Your assignment.
Repeat the records in full. No pictures belong in the copy.

▬▬▬▬▬▬

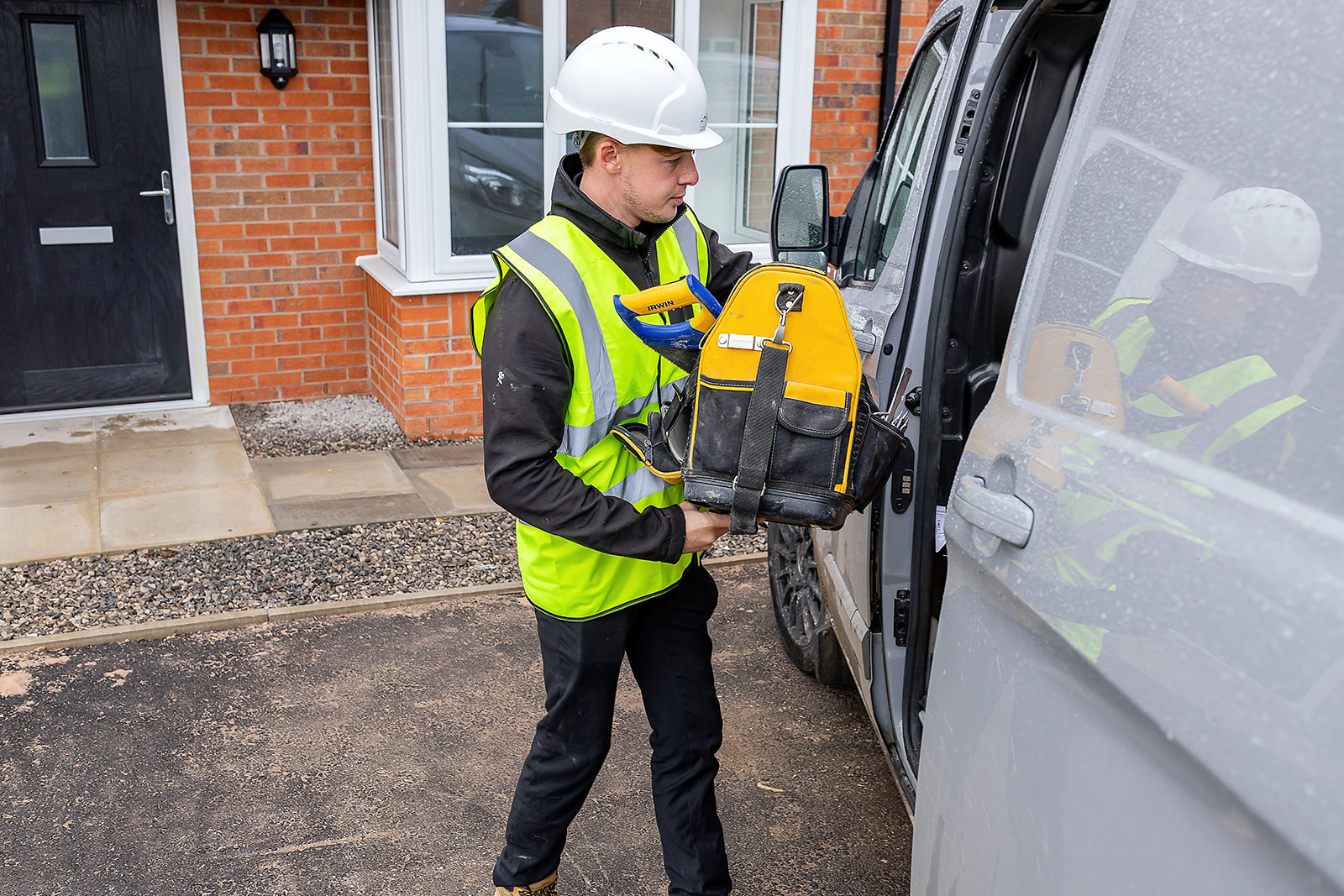 installer putting tools in van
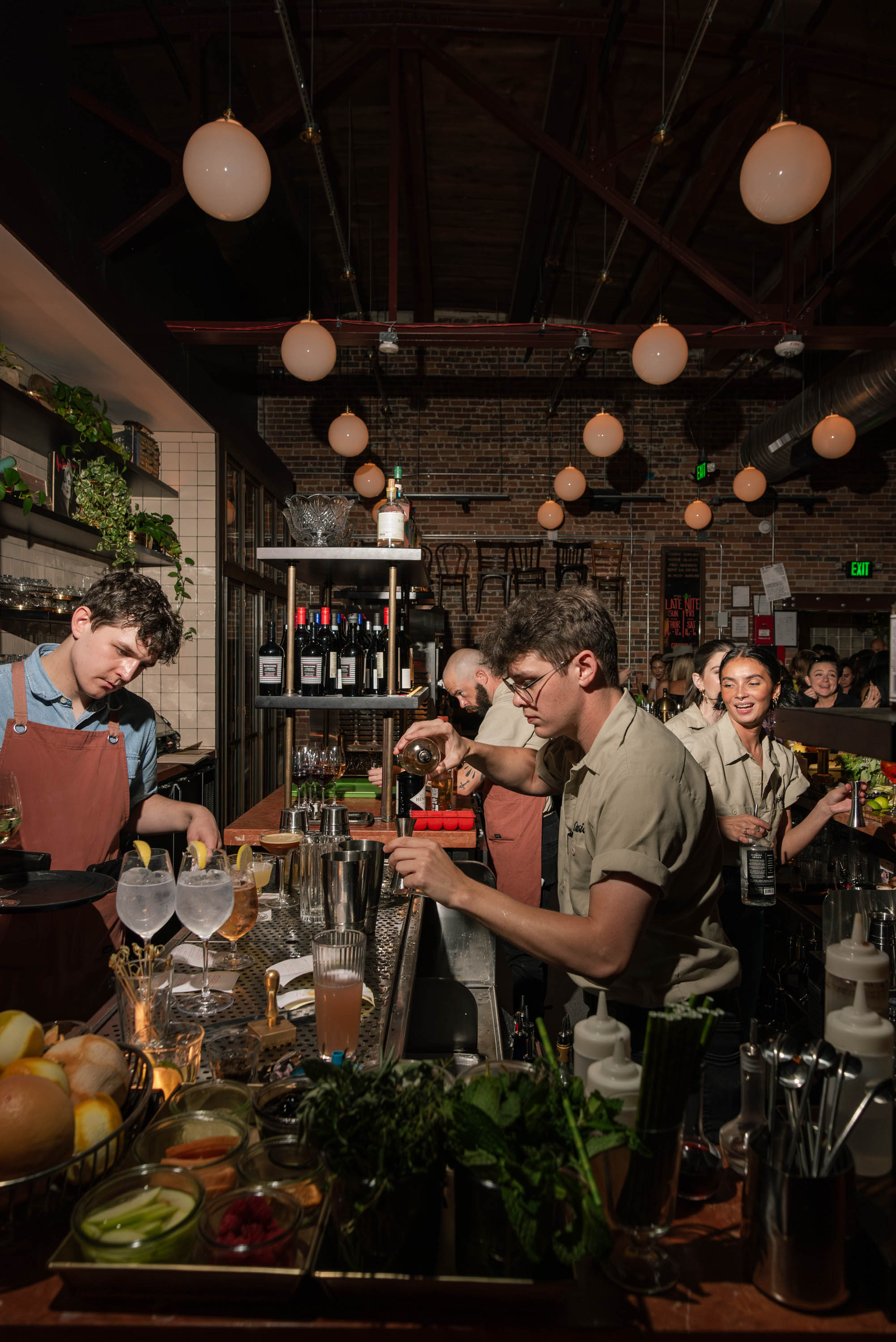 Bartenders preparing drinks behind a busy bar with hanging round lights and exposed brick walls.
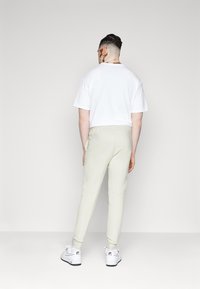 Ljust grå sweatpants med avsmalnande ben, en vit t-shirt och vita sneakers. Outfiten har en avslappnad passform och enkelt design.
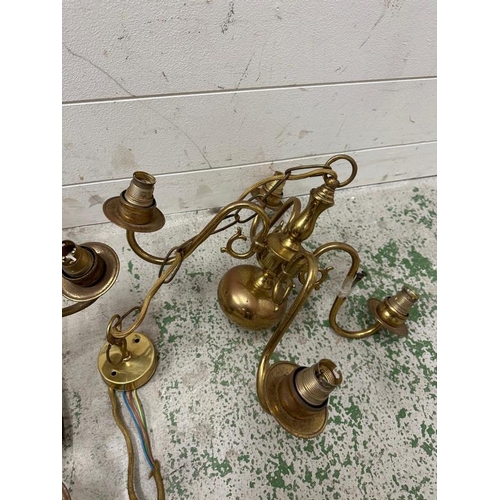 224 - A selection of four brass chandeliers or ceiling lights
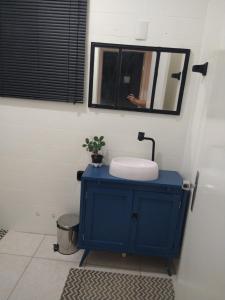 a bathroom with a blue sink and a mirror at Casa Yellow I Próxima a praça central in São Lourenço do Sul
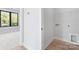 Walk-in closet featuring laminate wood flooring and ample shelf space at 3433 Byrnes St, Charlotte, NC 28205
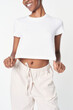 © Rawpixel.com - Women&#39;s white crop top with sweatpants minimal outfit
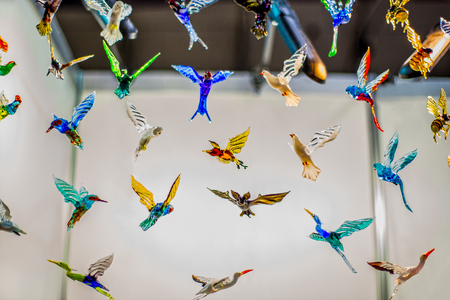 Lots of multi-colored glass birds hang from the ceiling on strings.の写真素材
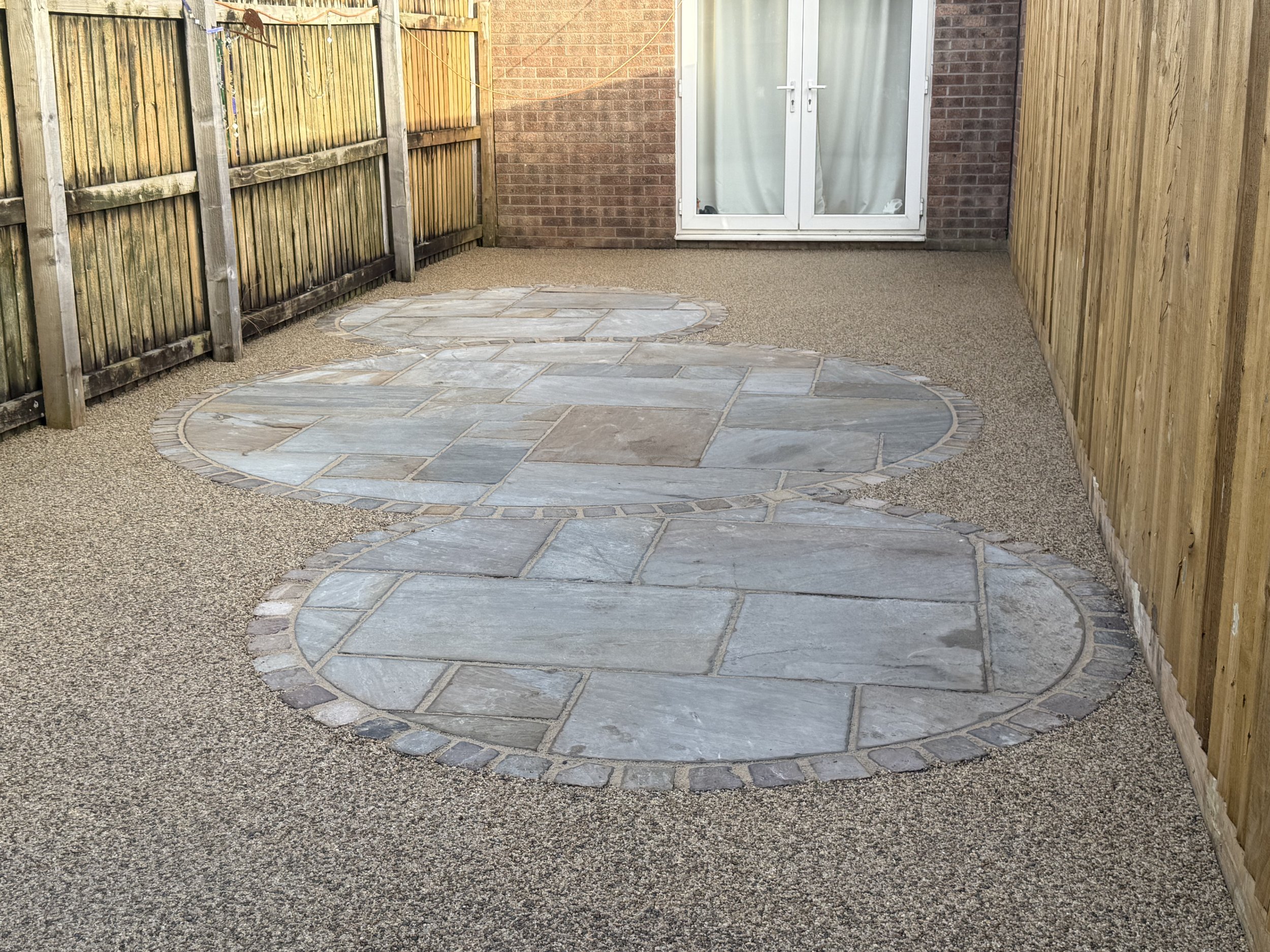 Backyard with newly paved stone patio and surrounding gravel ground, enclosed by wooden fences and a brick wall with a patio door.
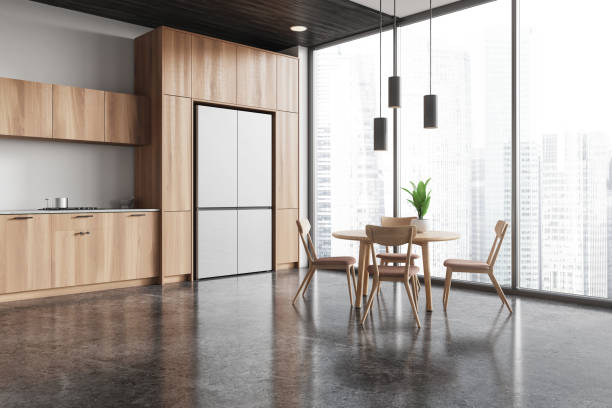 istock Modern home kitchen interior with cabinet and eating table, panoramic window 2167230036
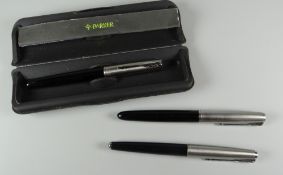 A MODERN BLACK PARKER FRONTIER FOUNTAIN PEN with stainless steel cap together with two vintage black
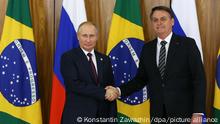 6074614 14.11.2019 Russian President Vladimir Putin and Brazilian President Jair Bolsonaro shake hands as they pose for a photo prior to their meeting on the sidelines of the 11th BRICS leaders summit at the Planalto Palace in Brasilia, Brazil. Konstantin Zavrazhin / POOL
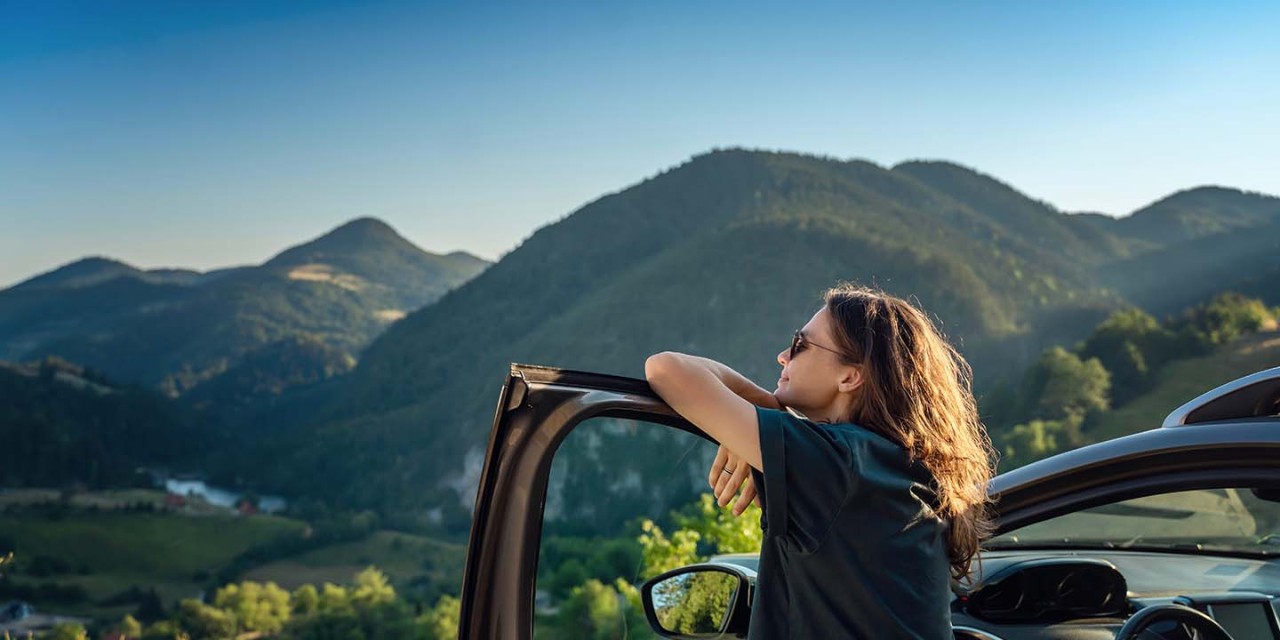 Young woman traveler near car watching a beautiful mountain view 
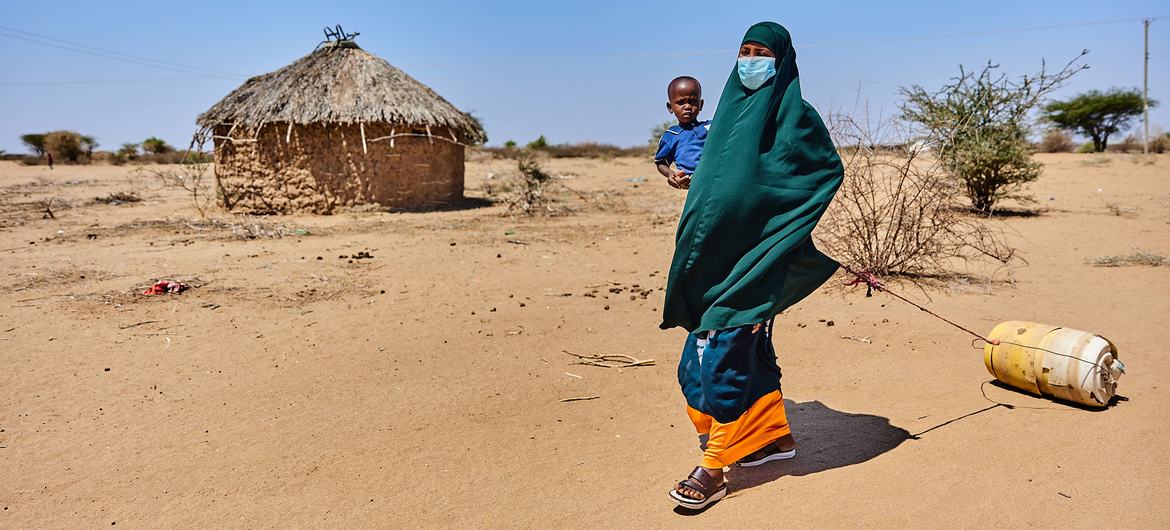 Una mujer intenta conseguir agua con su hijo de dos años en Garissa, Kenia.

▬▬▬▬▬▬

Answer to the problem.
 installer putting tools in van
 Bartenders preparing drinks behind a busy bar with hanging round lights and exposed brick walls.
 Ljust grå sweatpants med avsmalnande ben, en vit t-shirt och vita sneakers. Outfiten har en avslappnad passform och enkelt design.
 224 - A selection of four brass chandeliers or ceiling lights
 a bathroom with a blue sink and a mirror at Casa Yellow I Próxima a praça central in São Lourenço do Sul
 Walk-in closet featuring laminate wood flooring and ample shelf space at 3433 Byrnes St, Charlotte, NC 28205
 © Rawpixel.com - Women&#39;s white crop top with sweatpants minimal outfit
 Lots of multi-colored glass birds hang from the ceiling on strings.の写真素材
 Backyard with newly paved stone patio and surrounding gravel ground, enclosed by wooden fences and a brick wall with a patio door.
 istock Modern home kitchen interior with cabinet and eating table, panoramic window 2167230036
 A MODERN BLACK PARKER FRONTIER FOUNTAIN PEN with stainless steel cap together with two vintage black
 6074614 14.11.2019 Russian President Vladimir Putin and Brazilian President Jair Bolsonaro shake hands as they pose for a photo prior to their meeting on the sidelines of the 11th BRICS leaders summit at the Planalto Palace in Brasilia, Brazil. Konstantin Zavrazhin / POOL
 Young woman traveler near car watching a beautiful mountain view 
 Una mujer intenta conseguir agua con su hijo de dos años en Garissa, Kenia.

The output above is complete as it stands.